All excerpts from any longer work are unavoidably only pieces of a larger whole. The accelerated speed by which information flows in our modern world, thus make seeing the whole more difficult. Context is often lost. Even so, as I select passages from things I read, I am always hopeful that the message is that the author excerpted is worthy of a closer and longer look. This is clearly case for the excerpt below from Colin Tudge's Why Genes Are Not Selfish and People Are Nice.
In the snippet below Tudge is trying to answer the question 'Why Nice People are Ruled by Nasty People'. My view is that he is trying to show how power operates, but the reader would be more enlightened by spending time with the whole book, if not the whole chapter.

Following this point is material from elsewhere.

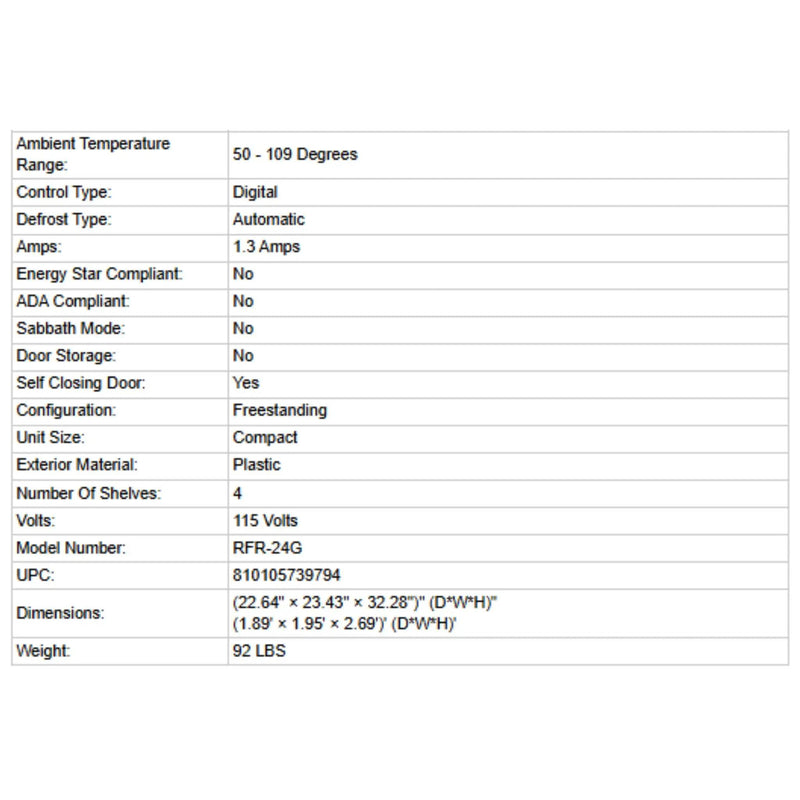 Summerset 24-Inch Outdoor Rated Refrigerator With Glass Door [RFR-24G] (SAK16934) by SAKSBY WHOLESALE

Worst of all, perhaps, is that scientists bend their efforts to support the hawkish elite [not hawkish in the militaristic sense, but in an extroverted sense]. This is most evident , and most dangerous, in agriculture; the pursuit that directly affects us all and which, in the end, will determine who lives and who dies. The current craze among the powers-that-be is for GM crops: crops shaped by DNA transfer aka 'genetic engineering'. In truth GM crops are not necessary. The risks attendant upon them are not worth taking. The whole technology has produced nothing of unequivocal value after thirty years of effort that could not have been produced more cheaply and safely by other means. The whole enterprise in buoyed by hype which to a significant extent is simply mendacious: that GM increases yields; that is essential to feed the world; that to oppose the technology is irresponsible; that science has already proved that there are no dangers. It is all untrue and most of it stark nonsense. Yet whole battalions of scientists queue up to perpetrate the nonsense. They are themselves not liars, for the most part. Many, and perhaps most of them, to be fair, believe the hype. But they are paid by rich biotech companies (or work for ostensibly publicly owned institutions including universities which nowadays depend upon commercial funding) and if they didn't work on GM they would have no work at all. In reality, the main point of GM technology (and in the end the only point) is to increase the power and wealth of the biotech companies that make them, and of the governments, like Britain's that rely on corporate support. Specifically: governments like Britain's tot up the earnings of the corporates that operate within their shores and call it 'gross domestic product' or 'GDP'; and as GDP increases they call it 'economic growth'; -- which, in this materialist, neoliberal age, is the only measure of success that they take seriously. The means by which the wealth is produced, and whether the wealth actually brings benefit to the society as a whole, or humanity or the world as a whole, is not considered relevant. (pp.181-2)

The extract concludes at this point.